DATASET EXCERPT |
------------------------------
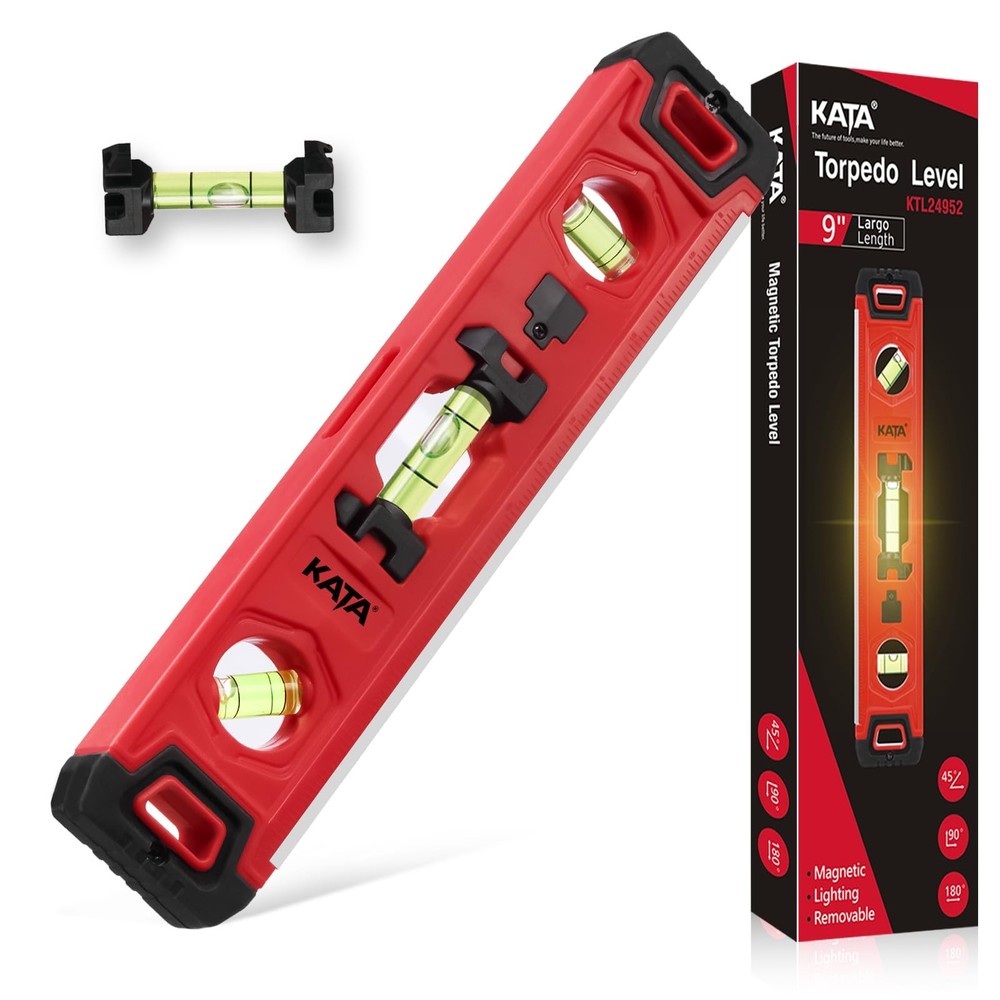 Torpedo Level Magnetic TooL - 9 Inch Small Leveler Tools with Ruler 45/90/180...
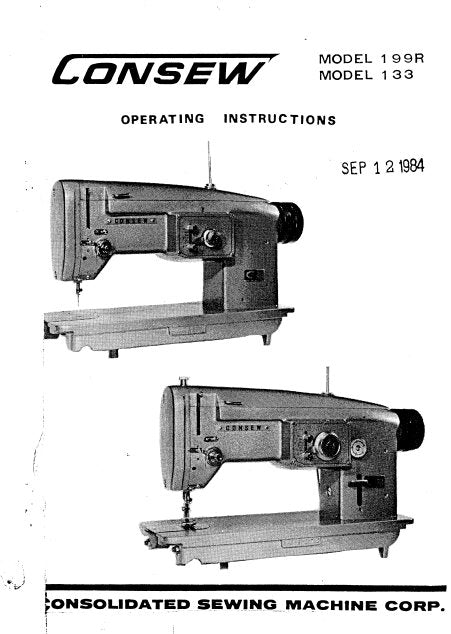 CONSEW MODEL 199R MODEL 133 OPERATING INSTRUCTIONS IN ENGLISH SEWING MACHINE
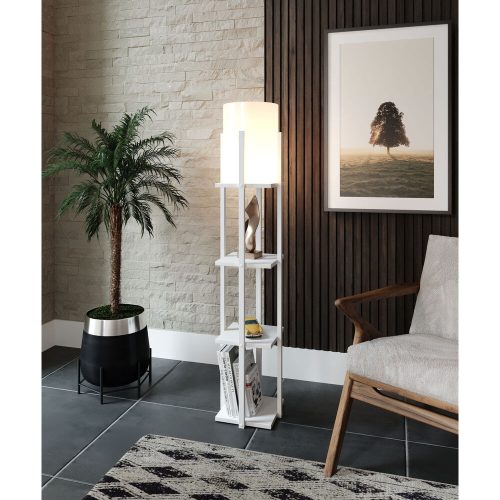 Elegáns állólámpa, 135 cm magas, fehér és természetes színek | Forgácslap ház, MDF profil, szövet sapka (21x21 cm) | Be/Ki kapcsoló, CE minősítéssel, skandináv dizájnnal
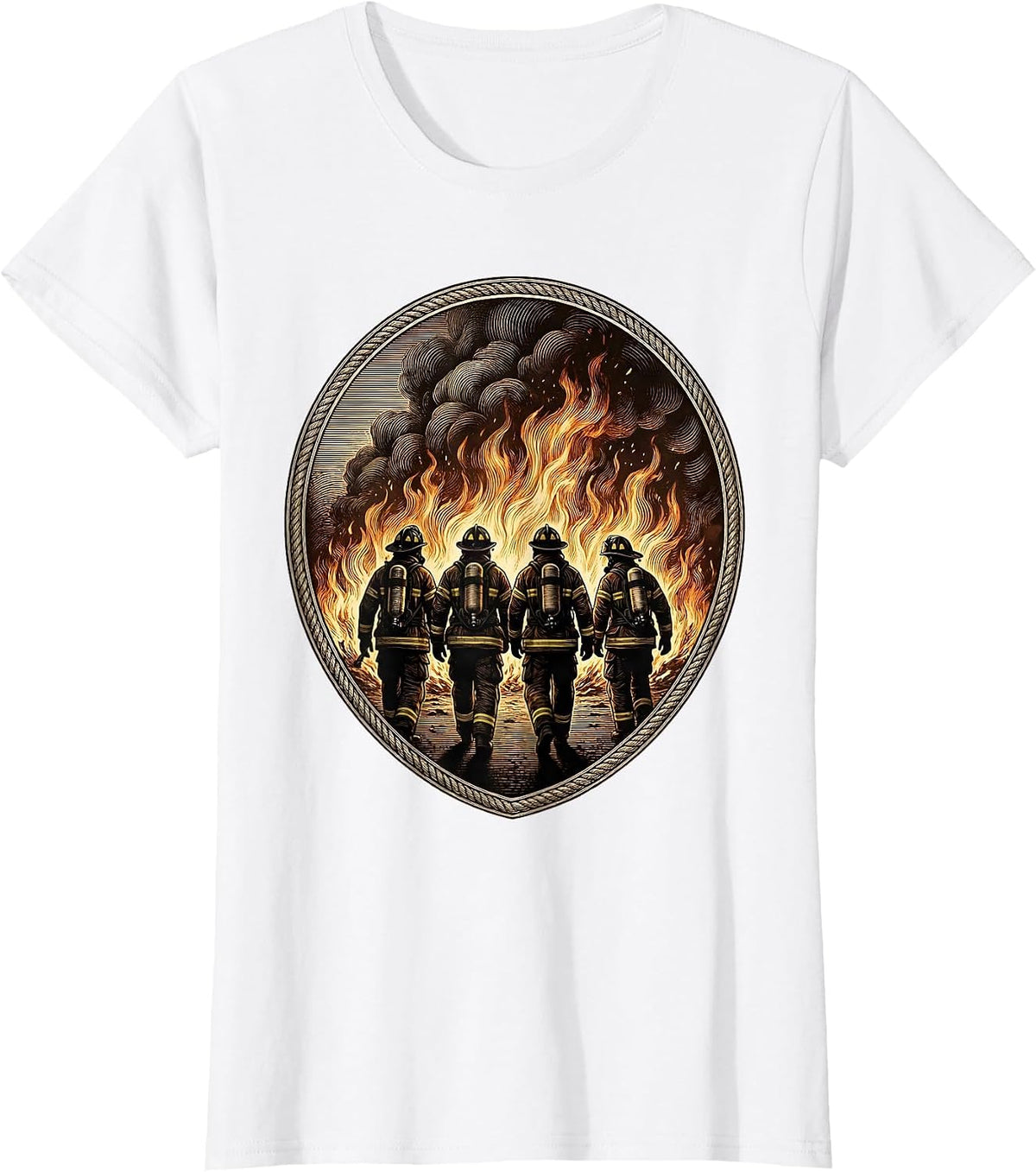 Firefighter Crew Walking Away From Inferno T-Shirt - White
------------------------------
YOUR INSTRUCTIONS | Please write out the material from the line containing "Elegáns állólámpa, 135" to its final line, both inclusive, exactly as it appears; pictures are not part of the copy.

WRITTEN RESPONSE |
 Elegáns állólámpa, 135 cm magas, fehér és természetes színek | Forgácslap ház, MDF profil, szövet sapka (21x21 cm) | Be/Ki kapcsoló, CE minősítéssel, skandináv dizájnnal
 Firefighter Crew Walking Away From Inferno T-Shirt - White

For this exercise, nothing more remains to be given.